Я уже купил все, что нужно, скучал в очереди на кассе, и вдруг заметил небольшую круглую книжную витрину. Покрутив ее, я увидел книгу с красочной картиной Модильяни на обложке. Это была «Подделка!» Клиффорда Ирвинга. Я взял ее в руки и, пока люди проходили мимо меня, начал читать, завороженный историей печально известного венгерского фальсификатора Эльмира де Хори, который в течение 20 лет вел шикарную жизнь европейского светского льва, продавая Шагалов, Пикассо и Модильяни ничего не подозревающим галеристам и коллекционерам в Испании, Франции и Италии. Я купил книгу, приехал домой и прочел ее в один присест, не сомкнув глаз до поздней ночи. По мере чтения одна мысль становилась все яснее и яснее, она полностью завладела моим сознанием: «Я тоже так могу».
В книге Ирвинг рассказывает о том, как Эльмир поднялся из безвестности и стал уважаемым дилером и желанным гостем в европейских домах и летних резиденциях. Он работал тайно, прикрываясь вымышленными личными отношениями с художниками, и главной его задачей было создание картин, которые были бы не точными копиями, а правдоподобными полотнами в стиле великих мастеров и популярных живописцев того времени. Меня озарило: мало того, что этот парень додумался до великолепного решения, у него хватило смелости осуществить свой дерзкий план, вылезти исключительно за счет своей смекалки, таланта к искусству и правдоподобной подачи полнейшего мошенничества.
Уже на следующее утро я решил воплотить свой план в жизнь. Я поехал в большую библиотеку в стиле ар-деко на Олив-стрит в центре Лос-Анджелеса и стал искать на полках старые, широкоформатные книги по искусству и архитектуре, страницы которых потускнели от старости. Обычно в таких книгах было три-четыре пустых страницы в начале и еще семь – в конце. Я зарывался поглубже в стеллажи и, когда никто не видел, кашлял и вырывал из книги чистую страницу. В результате нескольких поездок и, как определенно казалось окружающим, хронического туберкулеза у меня накопилась небольшая пачка бумаги, пригодная для рисования.

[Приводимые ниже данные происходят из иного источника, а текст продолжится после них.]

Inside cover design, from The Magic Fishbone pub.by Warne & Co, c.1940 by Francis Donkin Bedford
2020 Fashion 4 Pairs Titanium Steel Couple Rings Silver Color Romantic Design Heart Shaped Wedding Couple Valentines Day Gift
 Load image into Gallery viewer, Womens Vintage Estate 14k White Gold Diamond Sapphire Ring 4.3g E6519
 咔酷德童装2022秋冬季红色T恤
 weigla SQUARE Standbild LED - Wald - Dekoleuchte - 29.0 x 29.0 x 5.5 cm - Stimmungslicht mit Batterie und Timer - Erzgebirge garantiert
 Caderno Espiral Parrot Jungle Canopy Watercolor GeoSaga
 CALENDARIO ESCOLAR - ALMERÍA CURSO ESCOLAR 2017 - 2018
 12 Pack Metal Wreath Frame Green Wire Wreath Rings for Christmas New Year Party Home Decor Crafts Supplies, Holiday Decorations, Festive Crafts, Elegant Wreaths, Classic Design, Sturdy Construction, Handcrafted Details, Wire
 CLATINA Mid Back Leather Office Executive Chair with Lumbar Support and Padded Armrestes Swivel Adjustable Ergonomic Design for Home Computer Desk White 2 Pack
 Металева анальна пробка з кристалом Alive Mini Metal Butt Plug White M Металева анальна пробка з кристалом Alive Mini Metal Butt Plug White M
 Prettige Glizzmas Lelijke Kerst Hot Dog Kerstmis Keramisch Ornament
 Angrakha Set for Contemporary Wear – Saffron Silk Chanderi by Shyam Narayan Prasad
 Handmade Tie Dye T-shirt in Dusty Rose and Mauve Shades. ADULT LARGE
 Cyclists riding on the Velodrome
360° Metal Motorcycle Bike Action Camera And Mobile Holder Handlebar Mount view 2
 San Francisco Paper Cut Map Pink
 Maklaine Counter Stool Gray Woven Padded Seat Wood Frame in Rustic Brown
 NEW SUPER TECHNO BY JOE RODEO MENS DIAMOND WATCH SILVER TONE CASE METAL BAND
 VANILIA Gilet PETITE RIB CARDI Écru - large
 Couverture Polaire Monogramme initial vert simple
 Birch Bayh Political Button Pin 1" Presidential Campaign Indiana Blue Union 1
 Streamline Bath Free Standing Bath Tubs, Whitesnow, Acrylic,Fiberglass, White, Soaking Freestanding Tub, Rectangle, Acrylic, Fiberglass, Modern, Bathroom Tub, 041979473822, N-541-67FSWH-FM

Мои первые шаги были робкими, я балансировал между преступлением и розыгрышем. Я был невежественен, но достаточно умен, чтобы понять, что картина маслом, заявленная под фамилией крупного художника, привлечет внимание. Из книги про Эльмира я также узнал, что отдельную задачу представляло собой и создание убедительного провенанса – легенды о том, кому принадлежало произведение искусства и где до этого хранилось.